Понимаю, насколько это может быть полезным в преисподней. Если бы мы знали, что души уже в пути… если бы могли отметить их до того, как они попадут в чистилище… наше количество увеличилось бы.

Я стараюсь не выдать оживления ни голосом, ни выражением лица.

— Да уж, тяжко тебе. Ты справишься?

— Наверное, — не слишком уверенно говорит она.

Когда мы добираемся до моего жилого комплекса и заезжаем на стоянку, она с опаской осматривается. Уверен, она не этого ожидала.

— Так вот ты где живешь?

— Ну да. Есть проблемы? — спрашиваю я, подавляя ухмылку.

— Никаких, — фыркает она.

Я заворачиваю на стоянку, тормозя рядом с входом в мой дом и становясь между заржавевшим синим «шевроле-импала» и помятым черным «фордом». Краем глаза я замечаю, как Фрэнни разглядывает все кругом.

Пасмурный день усиливает унылую атмосферу этого района города. Когда-то четыре стоящих здесь двухэтажных цементных дома были белыми, но после нескольких десятков лет пыли, смога и ржавчины от водосточных желобов они посерели. Большинство окон целые, но тут и там можно увидеть картон или скотч вместо грязного стекла. Легкий весенний ветерок гоняет по пустой земле целлофановый пакет из супермаркета, в итоге застревающий на ветках дохленького куста около дома.

Фрэнни бросает на меня взгляд и, делая мужественный вид, толкает дверь и выходит наружу.

— Пойдем.

— Твое желание для меня закон, — говорю я, направляясь к зданию.

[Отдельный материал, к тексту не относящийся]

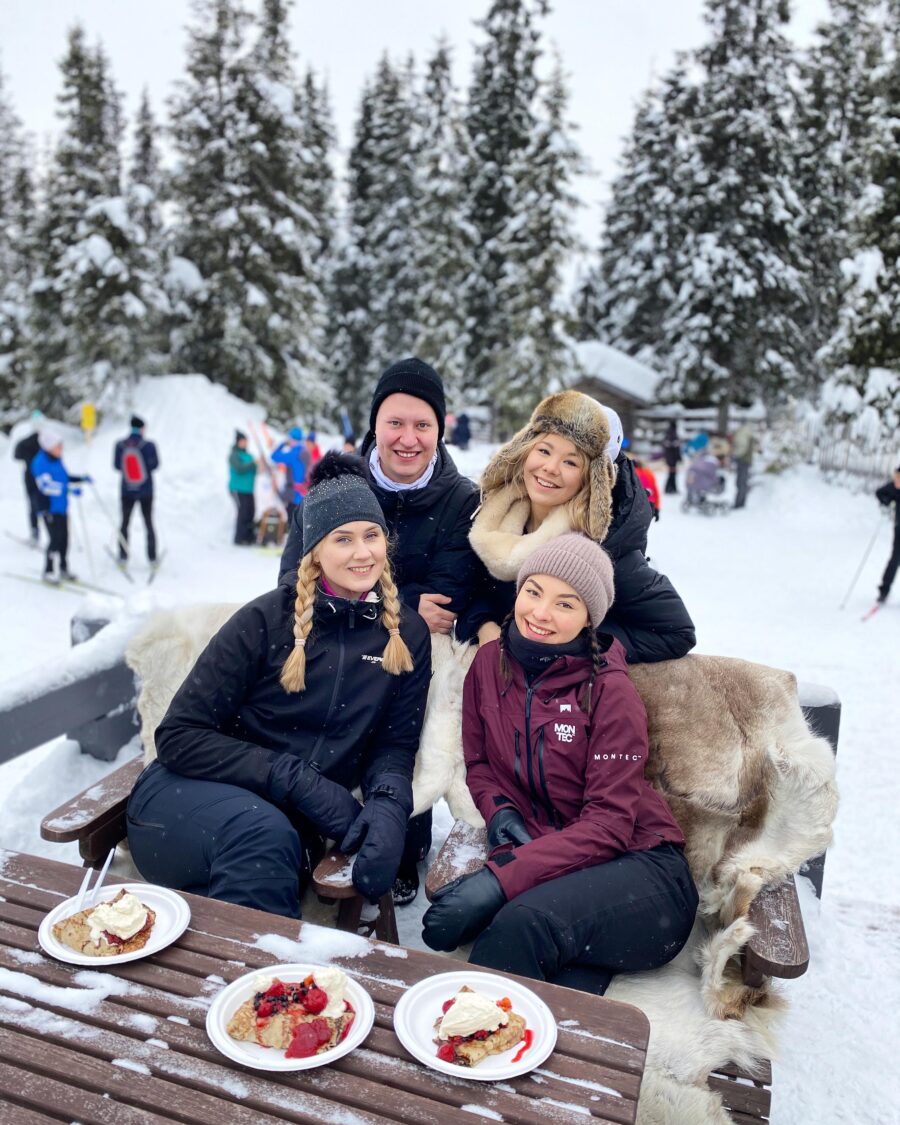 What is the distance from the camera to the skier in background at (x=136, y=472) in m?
12.8

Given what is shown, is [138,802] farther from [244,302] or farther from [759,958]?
[244,302]

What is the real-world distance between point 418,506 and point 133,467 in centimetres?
1032

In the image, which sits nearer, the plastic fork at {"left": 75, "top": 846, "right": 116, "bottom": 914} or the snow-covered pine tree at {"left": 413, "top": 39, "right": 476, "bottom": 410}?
the plastic fork at {"left": 75, "top": 846, "right": 116, "bottom": 914}

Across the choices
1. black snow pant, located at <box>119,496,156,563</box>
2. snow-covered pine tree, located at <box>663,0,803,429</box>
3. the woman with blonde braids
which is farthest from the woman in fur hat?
snow-covered pine tree, located at <box>663,0,803,429</box>

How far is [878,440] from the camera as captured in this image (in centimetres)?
2020

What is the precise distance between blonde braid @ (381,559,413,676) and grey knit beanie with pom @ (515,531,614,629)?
1.68 ft

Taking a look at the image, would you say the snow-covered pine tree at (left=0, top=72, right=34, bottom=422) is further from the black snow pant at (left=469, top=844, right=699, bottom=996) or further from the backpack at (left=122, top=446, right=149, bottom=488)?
the black snow pant at (left=469, top=844, right=699, bottom=996)

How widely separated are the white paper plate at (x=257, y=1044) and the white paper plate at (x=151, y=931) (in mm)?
250

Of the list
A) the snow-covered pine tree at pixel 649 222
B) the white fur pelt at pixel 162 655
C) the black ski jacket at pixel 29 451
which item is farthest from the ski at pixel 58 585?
the snow-covered pine tree at pixel 649 222

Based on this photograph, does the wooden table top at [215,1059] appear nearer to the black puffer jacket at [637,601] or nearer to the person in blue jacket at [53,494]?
the black puffer jacket at [637,601]

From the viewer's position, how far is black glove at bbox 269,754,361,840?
2.89 m

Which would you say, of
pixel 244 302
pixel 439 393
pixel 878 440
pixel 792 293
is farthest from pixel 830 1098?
pixel 792 293

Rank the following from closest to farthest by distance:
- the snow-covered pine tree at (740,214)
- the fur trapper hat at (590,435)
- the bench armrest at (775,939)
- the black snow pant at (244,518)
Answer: the bench armrest at (775,939) → the fur trapper hat at (590,435) → the black snow pant at (244,518) → the snow-covered pine tree at (740,214)

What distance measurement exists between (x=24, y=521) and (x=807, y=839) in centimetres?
1528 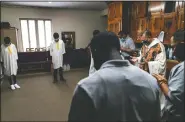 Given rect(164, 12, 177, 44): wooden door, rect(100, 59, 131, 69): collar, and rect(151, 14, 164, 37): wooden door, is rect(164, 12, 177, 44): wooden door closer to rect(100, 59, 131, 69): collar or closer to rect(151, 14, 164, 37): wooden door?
rect(151, 14, 164, 37): wooden door

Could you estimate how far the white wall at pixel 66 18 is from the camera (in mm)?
2109

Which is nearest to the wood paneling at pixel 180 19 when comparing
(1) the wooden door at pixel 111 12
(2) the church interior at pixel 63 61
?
(2) the church interior at pixel 63 61

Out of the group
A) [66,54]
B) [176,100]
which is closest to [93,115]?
[176,100]

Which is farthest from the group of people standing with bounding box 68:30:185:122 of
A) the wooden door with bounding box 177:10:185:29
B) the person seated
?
the wooden door with bounding box 177:10:185:29

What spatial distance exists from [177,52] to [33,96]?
3.37 ft

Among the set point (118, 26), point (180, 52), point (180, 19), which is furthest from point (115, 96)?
point (118, 26)

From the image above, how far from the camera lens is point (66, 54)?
1667 mm

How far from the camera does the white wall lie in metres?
2.11

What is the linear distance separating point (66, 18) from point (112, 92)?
7.94ft

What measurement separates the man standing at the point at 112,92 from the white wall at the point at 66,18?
1.69m

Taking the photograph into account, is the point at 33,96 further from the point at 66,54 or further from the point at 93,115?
the point at 93,115

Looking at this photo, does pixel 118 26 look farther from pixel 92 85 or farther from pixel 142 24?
pixel 92 85

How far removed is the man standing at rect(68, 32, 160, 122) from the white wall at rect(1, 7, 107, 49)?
169 centimetres

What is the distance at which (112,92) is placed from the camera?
30cm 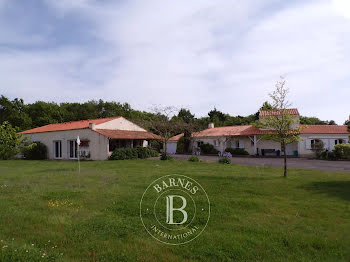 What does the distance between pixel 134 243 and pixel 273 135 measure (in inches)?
404

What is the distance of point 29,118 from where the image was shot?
4766 centimetres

Я открываю дверь для Фрэнни, и она осторожно заходит внутрь. Следует за мной по обшарпанным ступенькам до второго этажа и ждет в тускло освещенном коридоре, пока я достаю ключ и вставляю в замочную скважину.

— Твои родители на работе? — спрашивает она, когда я прохожу внутрь и включаю свет.

— Возможно.

Она следует за мной.

— А когда они вернутся?

Мне кажется, или ее голос дрожит?

— Без понятия.

— А когда они обычно приходят домой?

— Без понятия, — повторяю я. Она лишь неотрывно смотрит на меня. — Я не знал своих родителей.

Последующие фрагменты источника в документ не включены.